## Task to carry out
From the listing below, restate word for word the lines from the line containing "Fotel lounge Palissade" down through the line containing "Dior Cargo Pants with". Exclude pictures.

## Data records
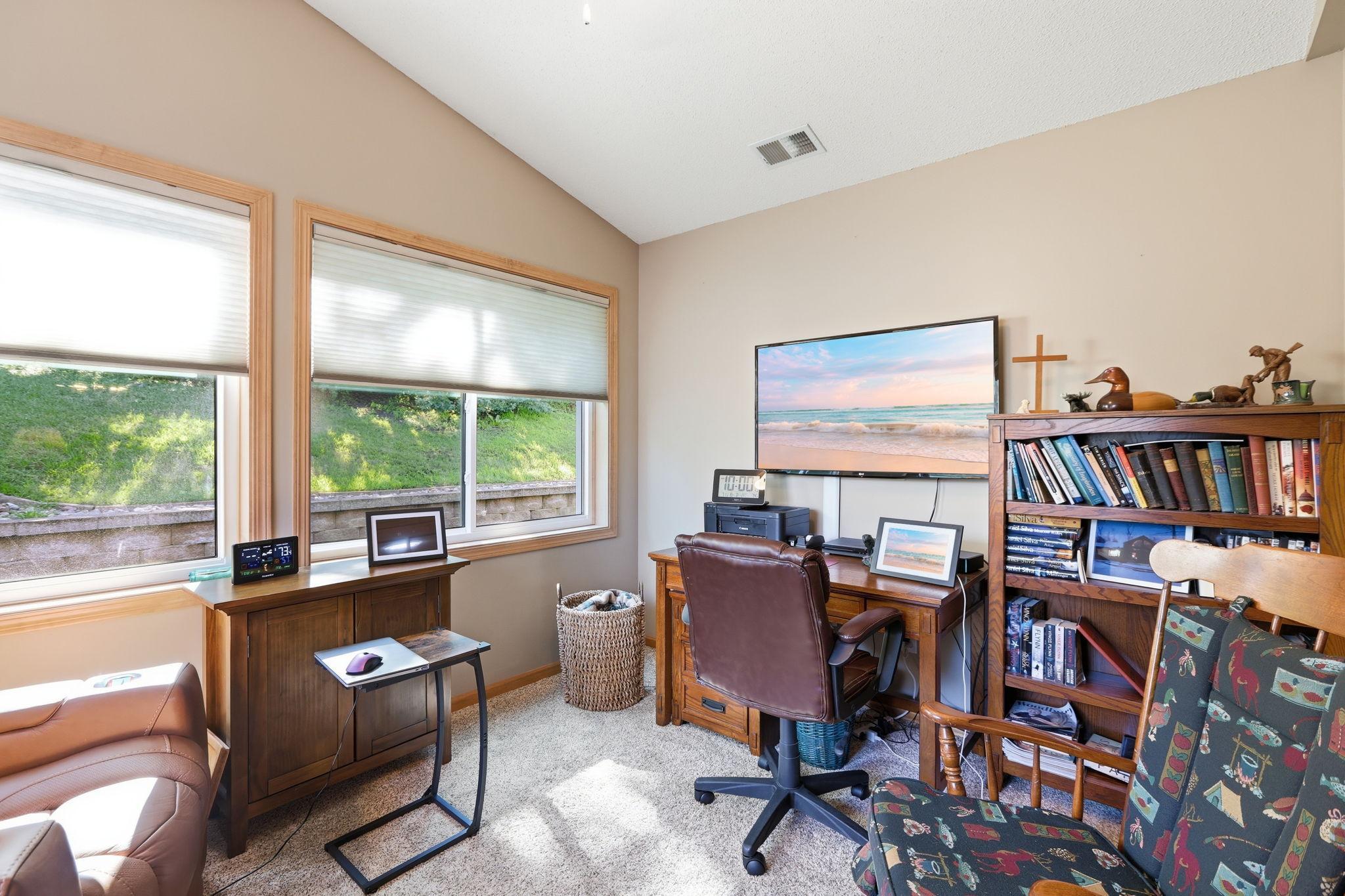 View of Residential at 7590 Newbury Road, Woodbury MN 55125, Woodbury (25 of 29) - Mike Wilen | Minnesota Team Real Estate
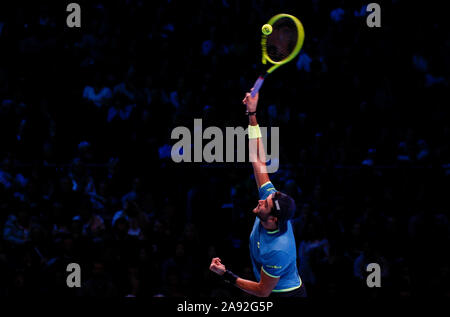 London, Großbritannien. 12 Nov, 2019. 12. November 2019; O2 Arena, London, England; Nitto ATP-Finale; Matteo Berrettini (ITA) dient der Roger Federer (SUI) - Redaktionelle Verwendung Credit: Aktion Plus Sport Bilder/Alamy leben Nachrichten Stockfoto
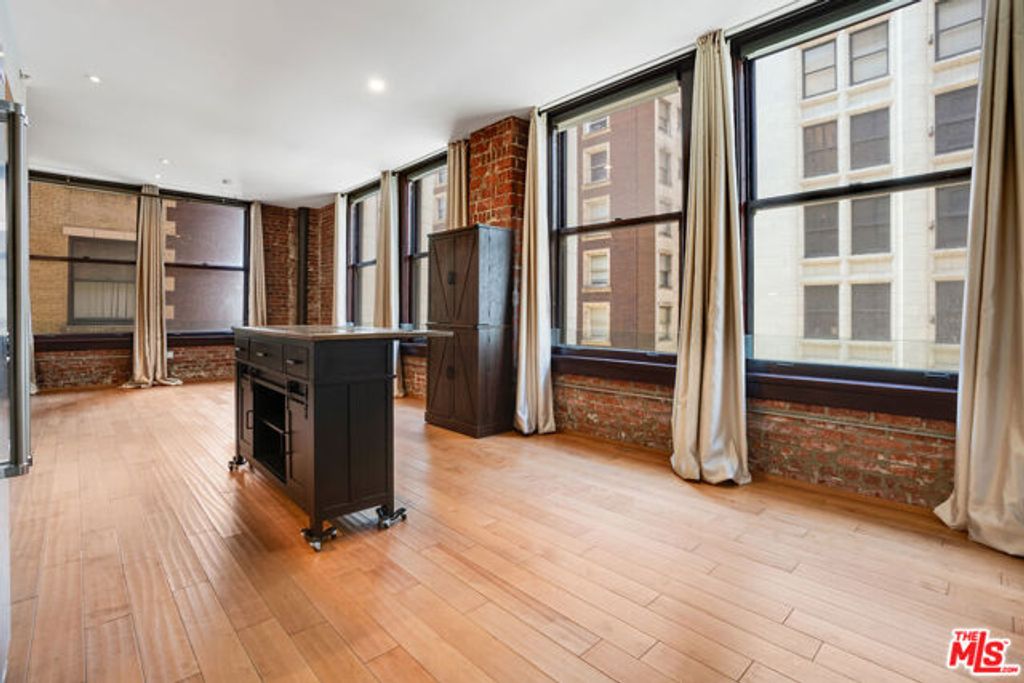 460 S Spring Street 512, Los Angeles, CA 90013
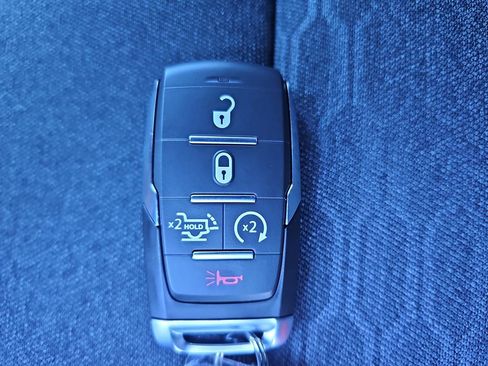 New 2026 RAM 1500 4x4 Crew Cab image 33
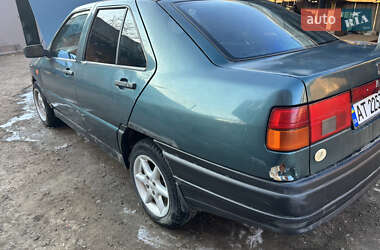 Хетчбек SEAT Toledo 1994 в Бурштині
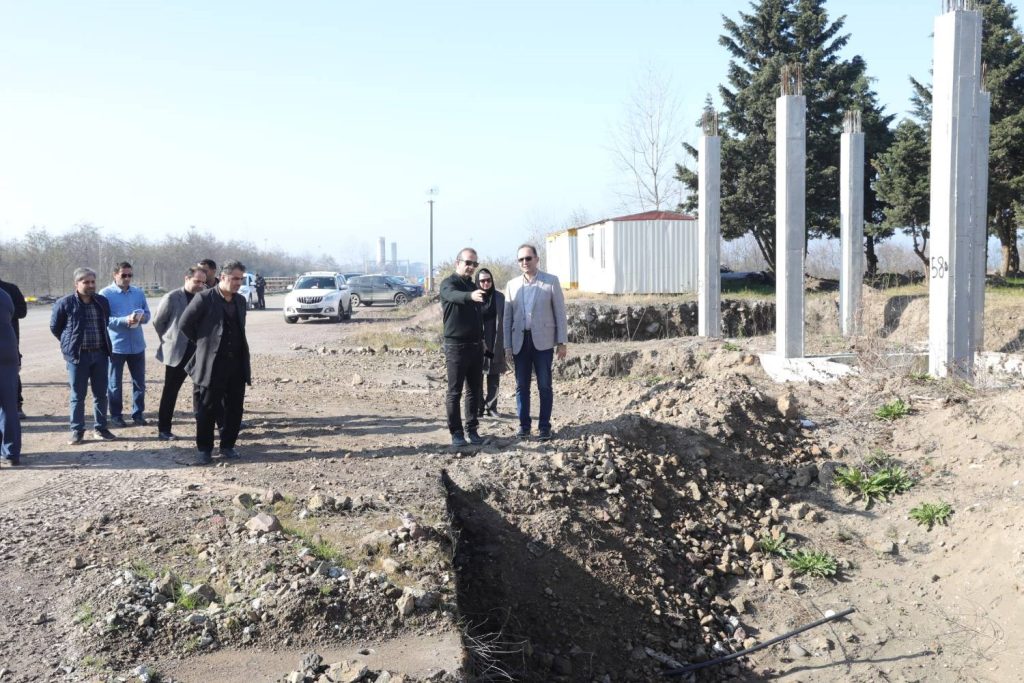 مصطفی طاعتی مقدم رییس هیئت‌مدیره و مدیرعامل سازمان به منظور نظارت میدانی جهت رفع برخی موانع و مشکلات پیش روی پروژه‌های عمرانی در حال اجرا از نزدیک در جریان روند اجرایی این پروژه‌ها قرار گرفت .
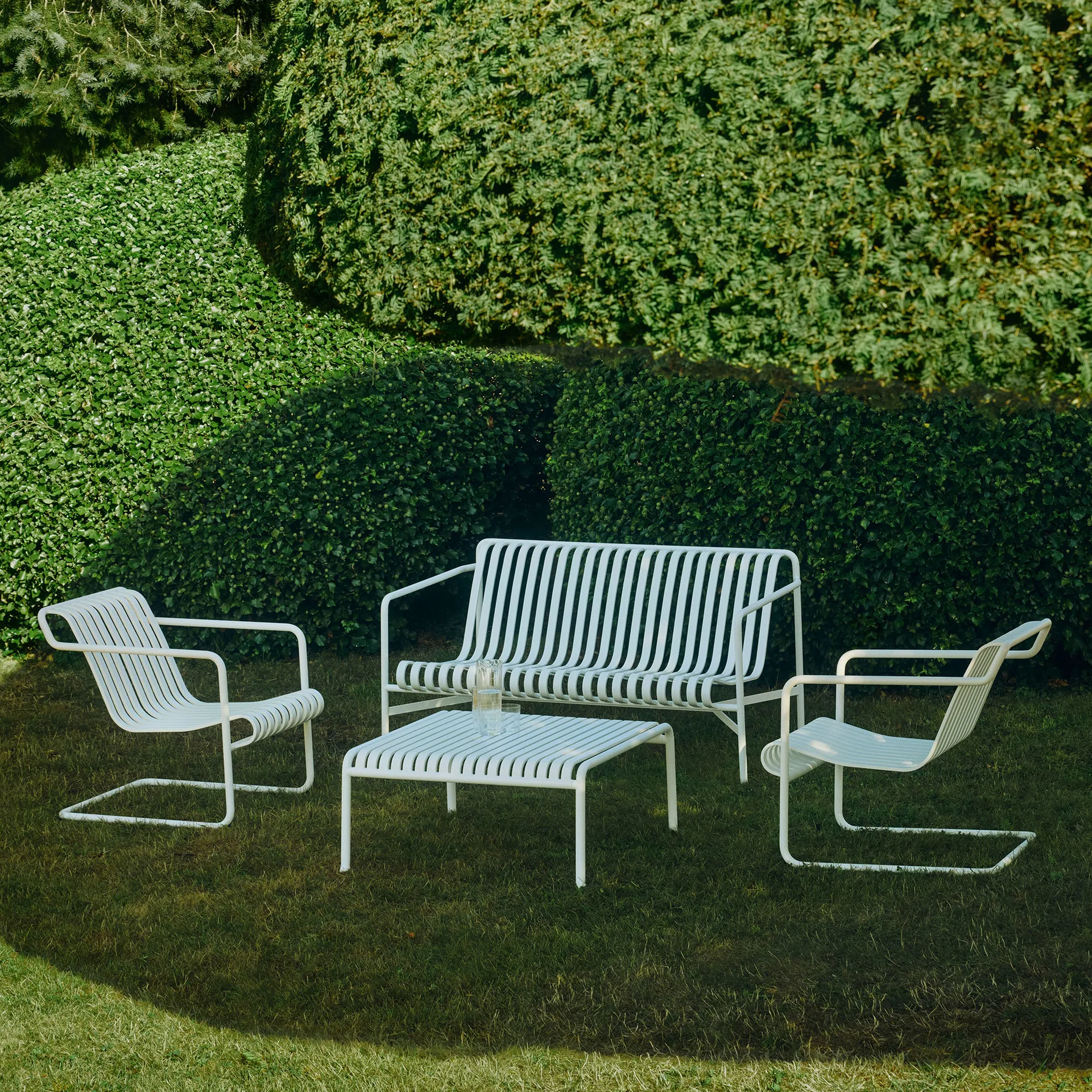 Fotel lounge Palissade Cantilever Low, Cream white HAY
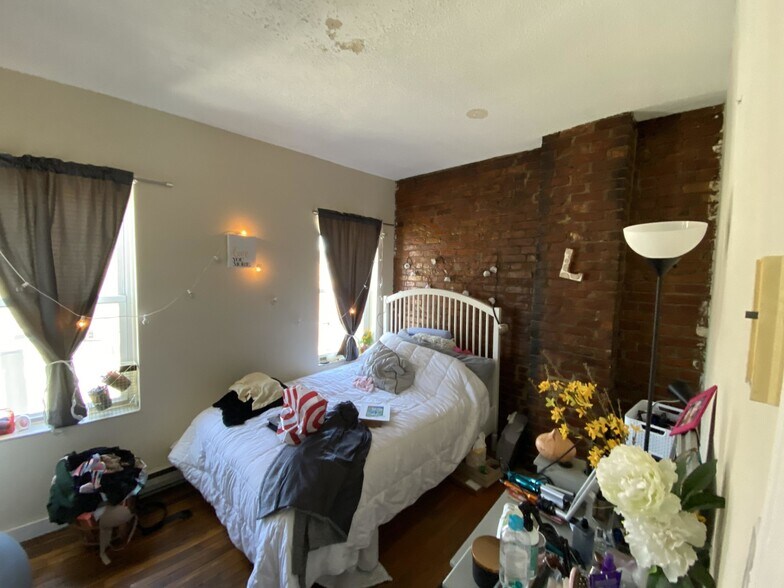 Building Photo - 884 Huntington Ave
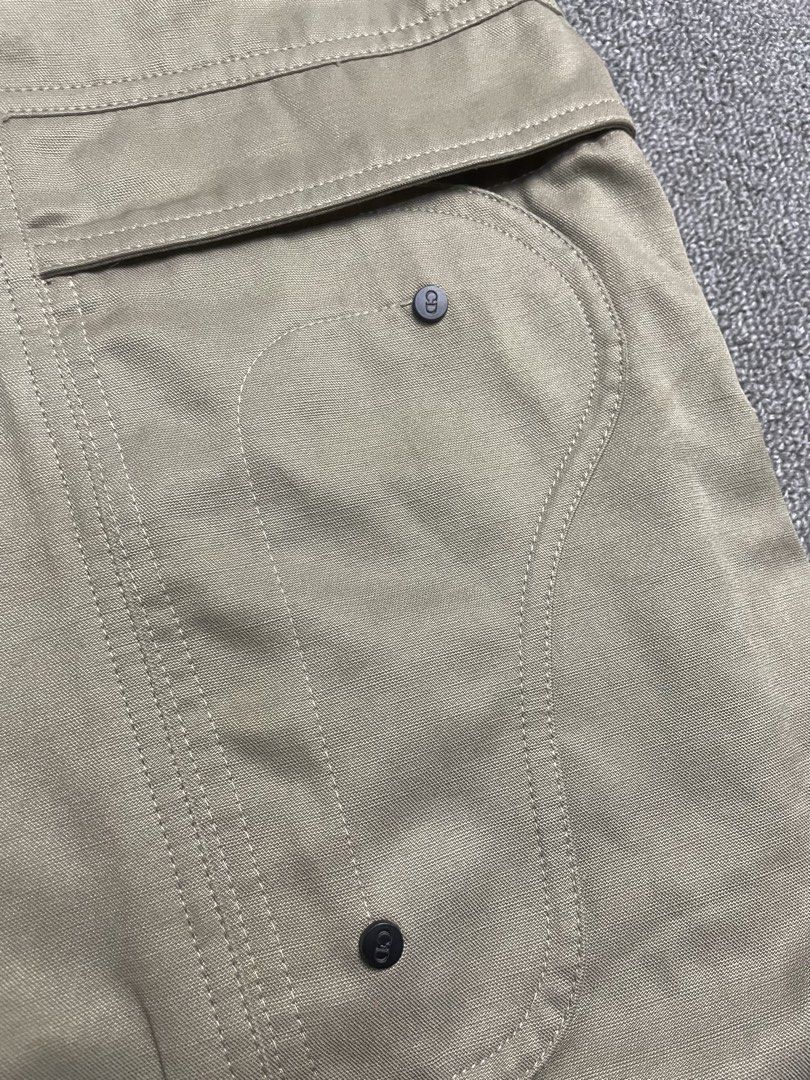 Dior Cargo Pants with Buckle Belt (Category: Chinos) located in Quezon City. Submitted by cozy_thrifting (Listing ID 1464599792, Image 3). Description: - Authentic Dior cargo pants - Khaki color - Signature buckle belt included - Side cargo pocket with button closure - Made in Italy - Size: 46 32 Waist 40 Length Feel Free to ask questions and accepting any offers..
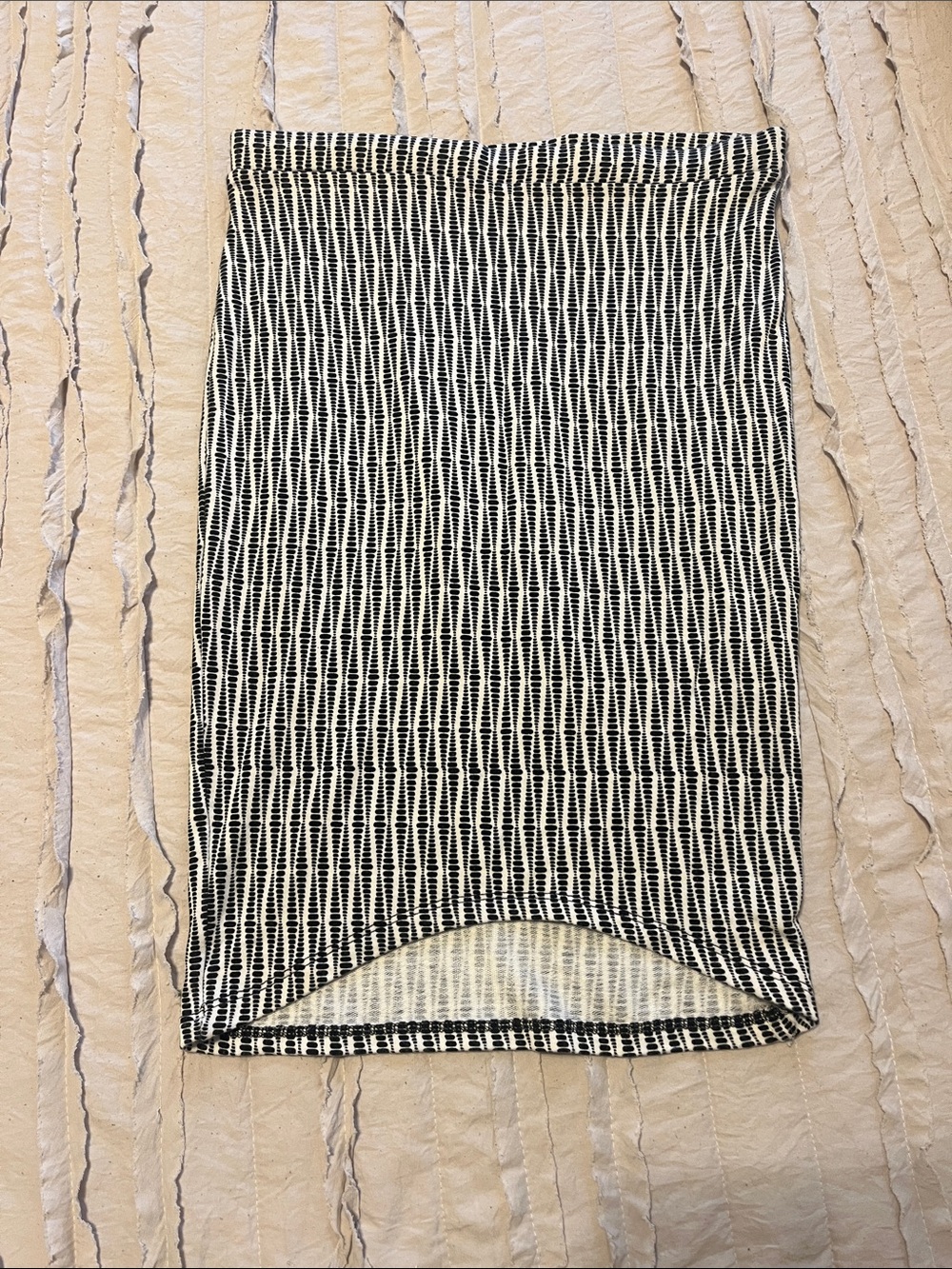 Never worn-mahina Black and White Ribbed Chevron Pencil Skirt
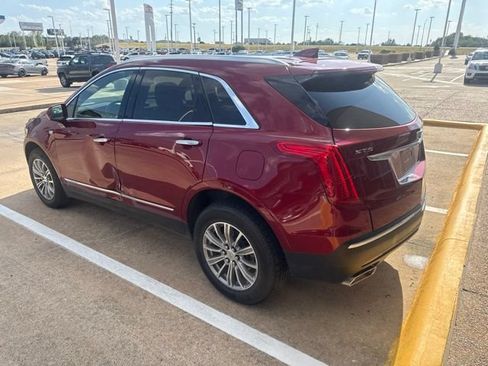 Used 2019 Cadillac XT5 Luxury FWD image 5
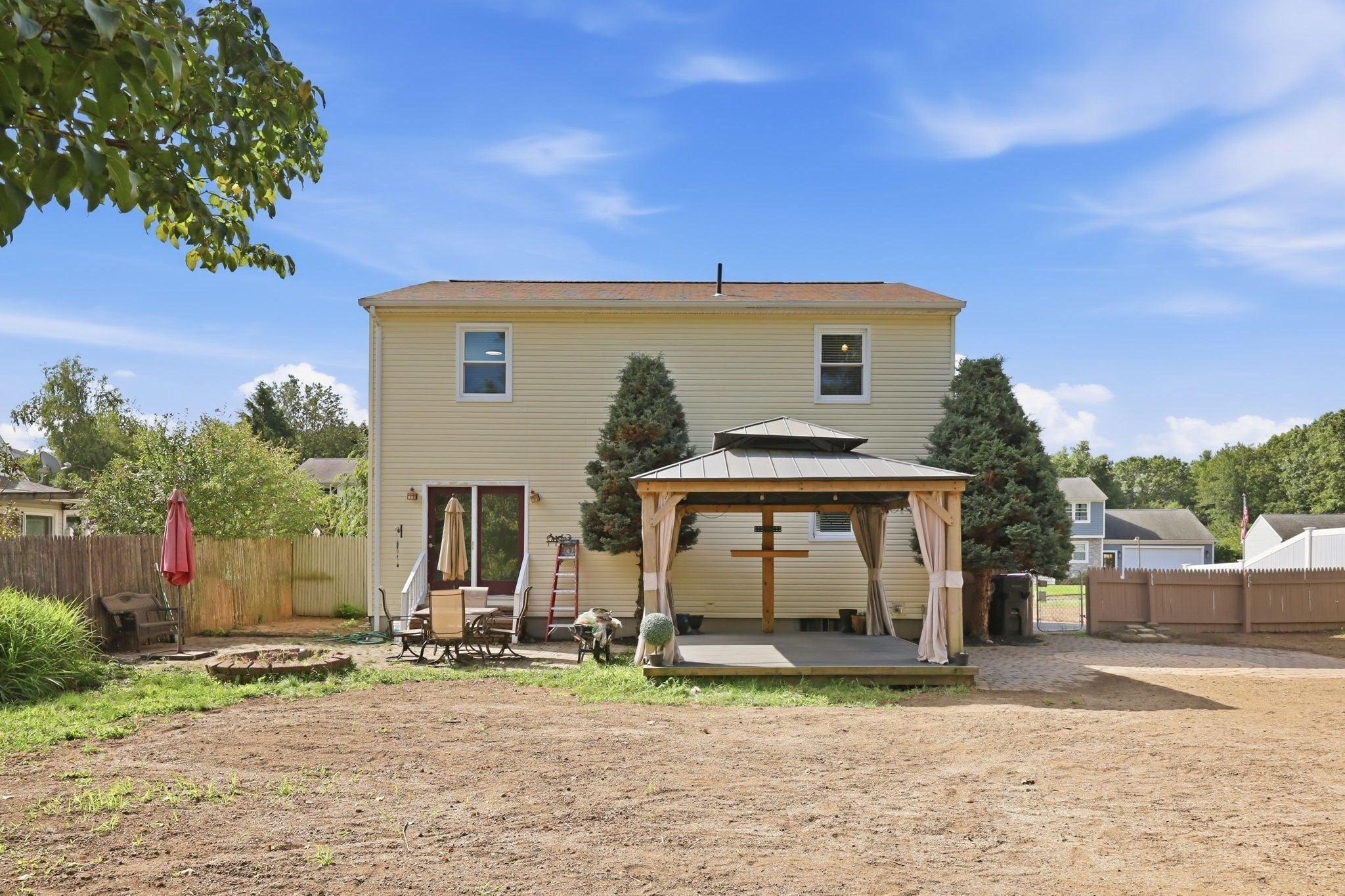 5 Timber Ln, Holyoke, MA, 5 Timber Ln, Holyoke, MA Photo #5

## Response to this exercise
 Fotel lounge Palissade Cantilever Low, Cream white HAY
 Building Photo - 884 Huntington Ave
 Dior Cargo Pants with Buckle Belt (Category: Chinos) located in Quezon City. Submitted by cozy_thrifting (Listing ID 1464599792, Image 3). Description: - Authentic Dior cargo pants - Khaki color - Signature buckle belt included - Side cargo pocket with button closure - Made in Italy - Size: 46 32 Waist 40 Length Feel Free to ask questions and accepting any offers..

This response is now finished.